Sure you can do it using advanced indexing, whether it is the fastest way probably depends on your array size (if your rows are large it may not be):
rows, column_indices = np.ogrid[:A.shape[0], :A.shape[1]]
# Use always a negative shift, so that column_indices are valid.
# (could also use module operation)
r[r < 0] += A.shape[1]
column_indices = column_indices - r[:, np.newaxis]
result = A[rows, column_indices]
numpy.lib.stride_tricks.as_strided stricks (abbrev pun intended) again!

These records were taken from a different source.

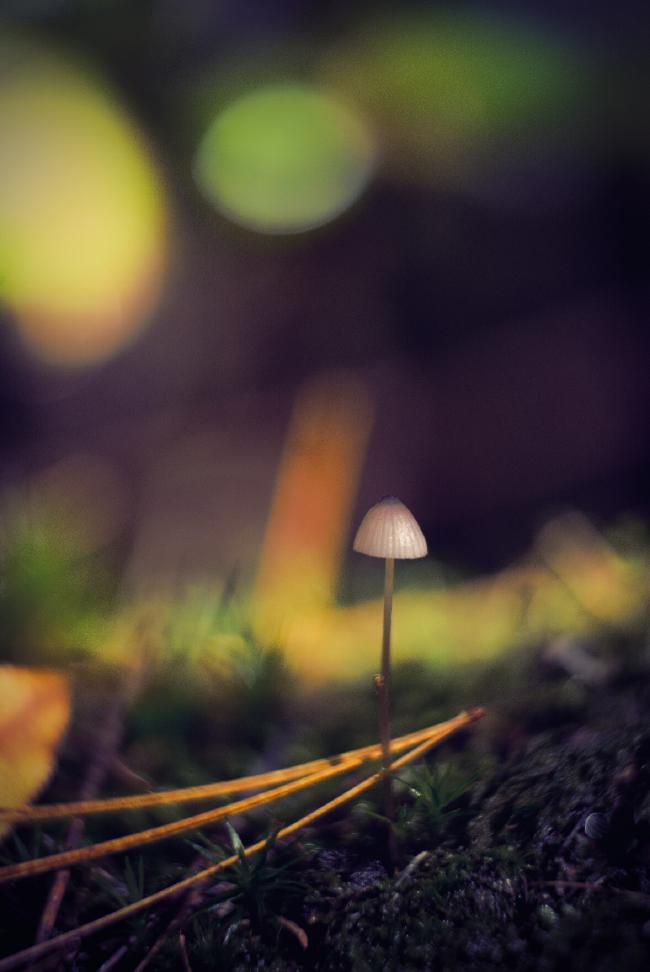 Einzelner Pilz auf Mos mit einer Kiefernnadel daneben. Das Bokeh im Hintergrund ist schön Bunt.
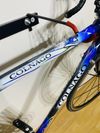 Colnago C40 Carbon Art Decor
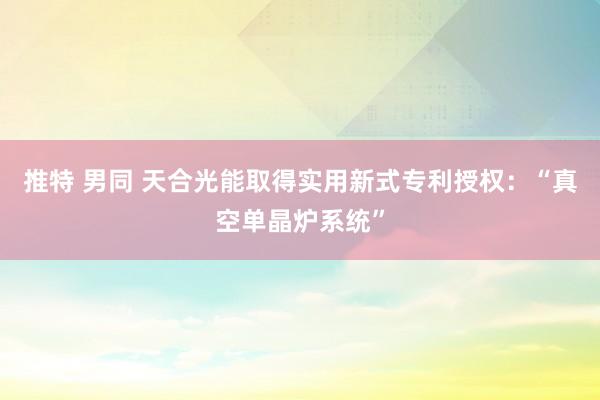 推特 男同 天合光能取得实用新式专利授权：“真空单晶炉系统”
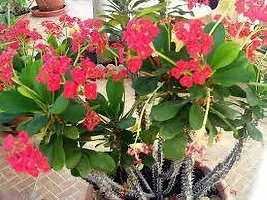 Baishnab Euphorbia Francoisii Plant EUPHORBIA PLANT EE66-thumb1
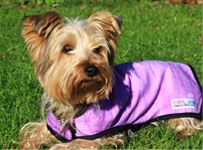 Prestige Pets Cool Dog Cooling Coat - Purple - Xtra Small 28cm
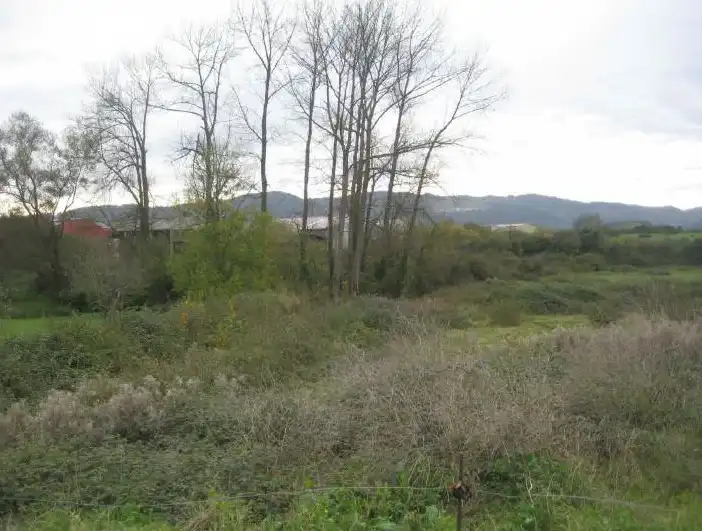 Terrenys i solars en venda a PL de Asipo, sector ampliación, imagen 8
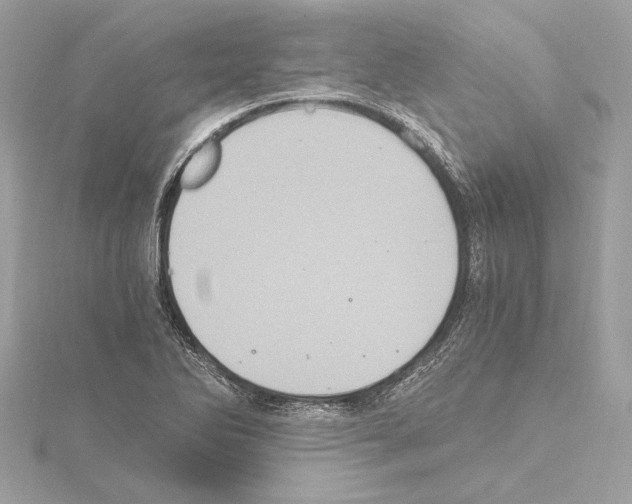 X0000115061270200912071144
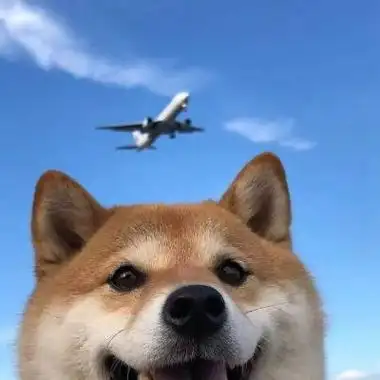 动物头像|最新招财可爱宠物柴犬头像大全 超级可爱又很萌的柴犬头像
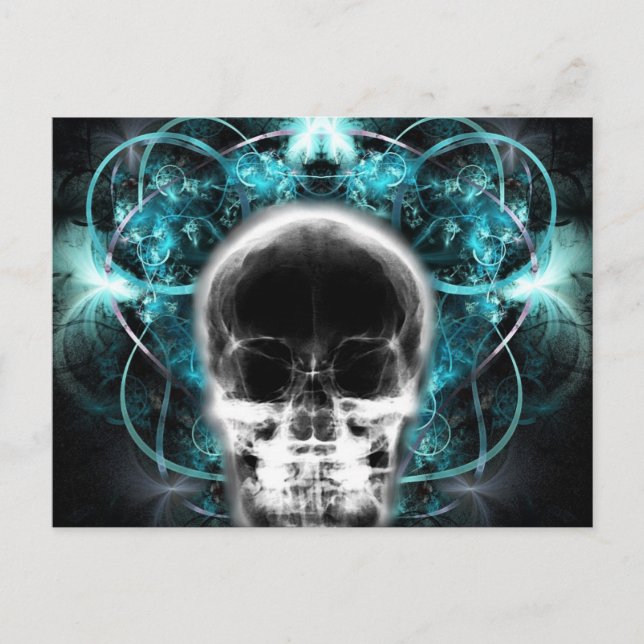  X-Ray Butterfly Fractal Skull - Light Blue Postcard (Front)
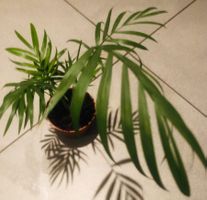 Zierpflanze Zimmer Pflanze 30 cm ↕️ “CHAMAEDORIA ELEGANS” 🍃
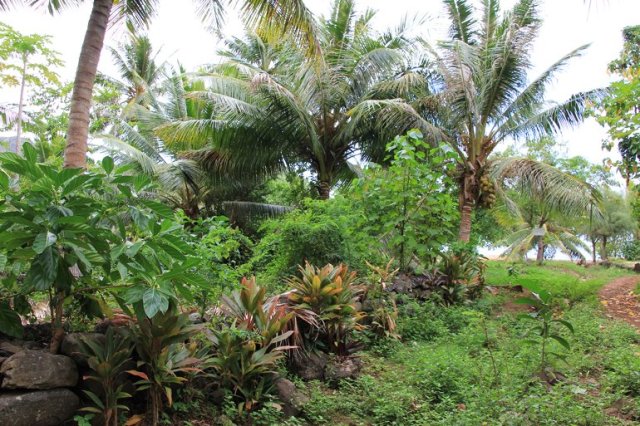 m_Ruins at Anoho Bay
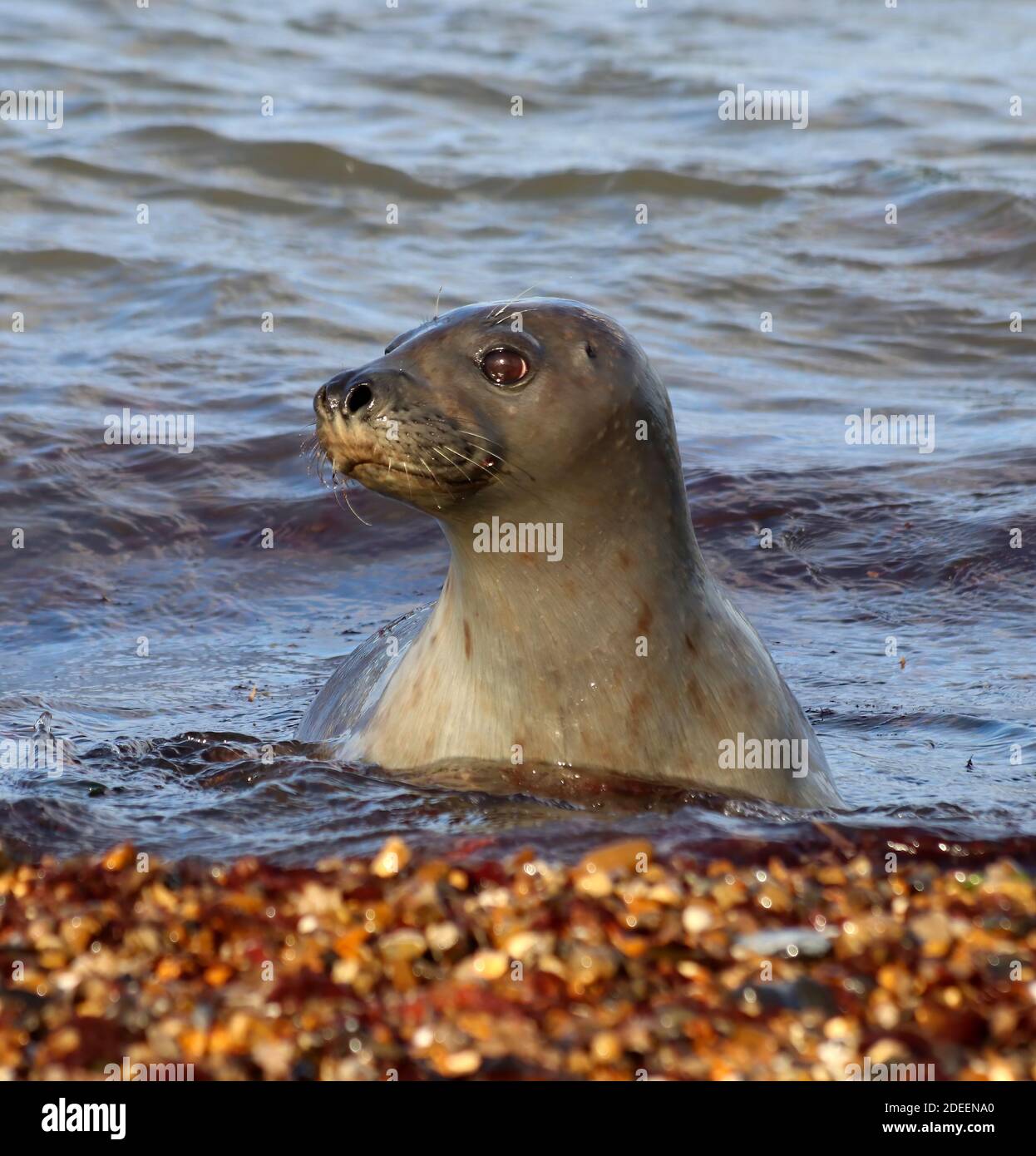 Jungrobbe oder Hafenrobbe in den kleinen Wellen In der Nähe des Ufers Stockfoto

Speaking of fancy indexing tricks, there's the infamous - np.lib.stride_tricks.as_strided. The idea/trick would be to get a sliced portion starting from the first column until the second last one and concatenate at the end. This ensures that we can stride in the forward direction as needed to leverage np.lib.stride_tricks.as_strided and thus avoid the need of actually rolling back. That's the whole idea!
Now, in terms of actual implementation we would use scikit-image's view_as_windows to elegantly use np.lib.stride_tricks.as_strided under the hoods. Thus, the final implementation would be -
from skimage.util.shape import view_as_windows as viewW
def strided_indexing_roll(a, r):
# Concatenate with sliced to cover all rolls
a_ext = np.concatenate((a,a[:,:-1]),axis=1)

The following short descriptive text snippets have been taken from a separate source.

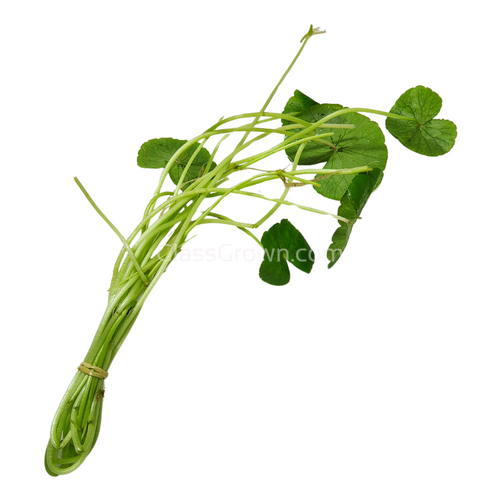 Bunch Brazilian Pennywort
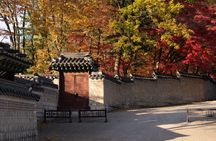 Seoul Private Layover Tour from the Airport with a Local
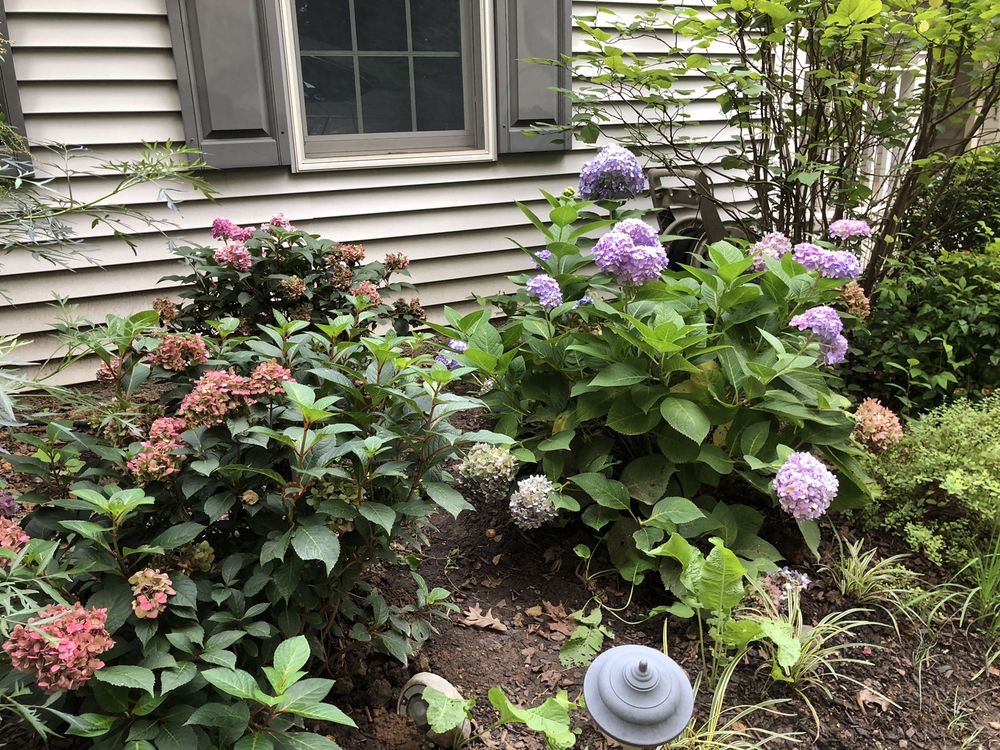Sauder's Nursery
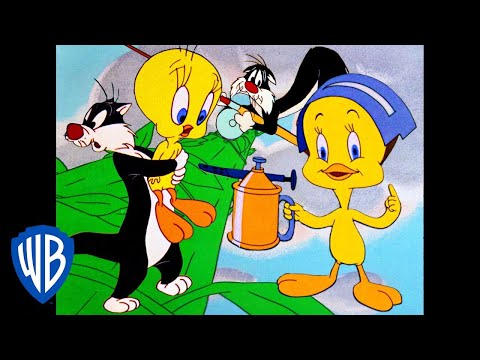 Looney Tunes en Latino | Lo Mejor de Piolín y el Gato Silvestre | WB Kids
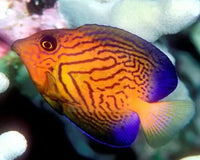 Keeping The Surgeon Fish: What You Need To Know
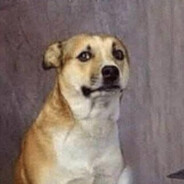 Dogjii - steam id 76561199426588738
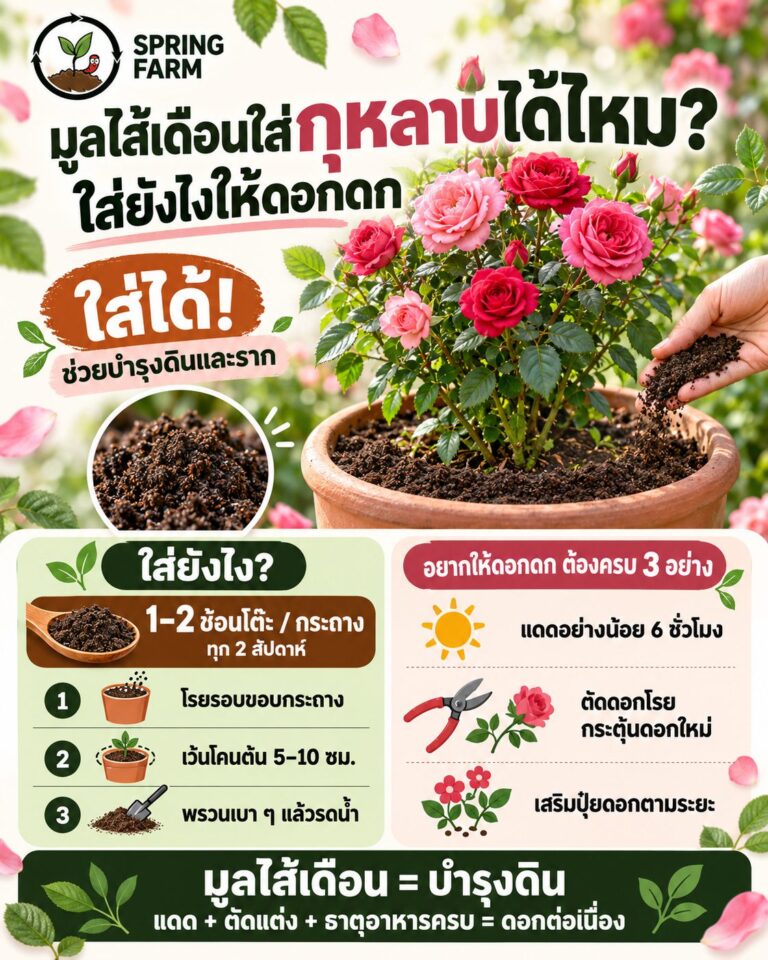 กุหลาบในกระถางออกดอกสวย โรยปุ๋ยมูลไส้เดือนรอบโคนต้น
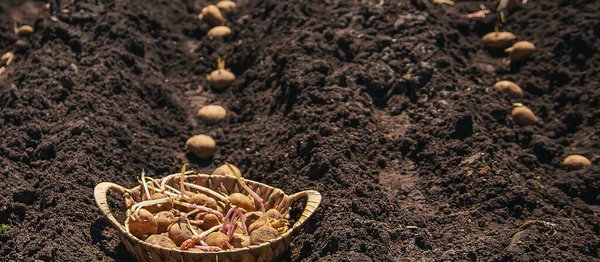 Рослина Проросла Картоплею Саду Вибірковий Фокус Природа — стокове фото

# Get sliding windows; use advanced-indexing to select appropriate ones
n = a.shape[1]
return viewW(a_ext,(1,n))[np.arange(len(r)), (n-r)%n,0]
Here's a sample run -
In [327]: A = np.array([[4, 0, 0],
...: [1, 2, 3],
...: [0, 0, 5]])
In [328]: r = np.array([2, 0, -1])
In [329]: strided_indexing_roll(A, r)
Out[329]:
array([[0, 0, 4],
[1, 2, 3],
[0, 5, 0]])
Benchmarking
# #seberg's solution
def advindexing_roll(A, r):
rows, column_indices = np.ogrid[:A.shape[0], :A.shape[1]]
r[r < 0] += A.shape[1]
column_indices = column_indices - r[:,np.newaxis]
return A[rows, column_indices]
Let's do some benchmarking on an array with large number of rows and columns -
In [324]: np.random.seed(0)
...: a = np.random.rand(10000,1000)
...: r = np.random.randint(-1000,1000,(10000))
# #seberg's solution
In [325]: %timeit advindexing_roll(a, r)
10 loops, best of 3: 71.3 ms per loop
# Solution from this post
In [326]: %timeit strided_indexing_roll(a, r)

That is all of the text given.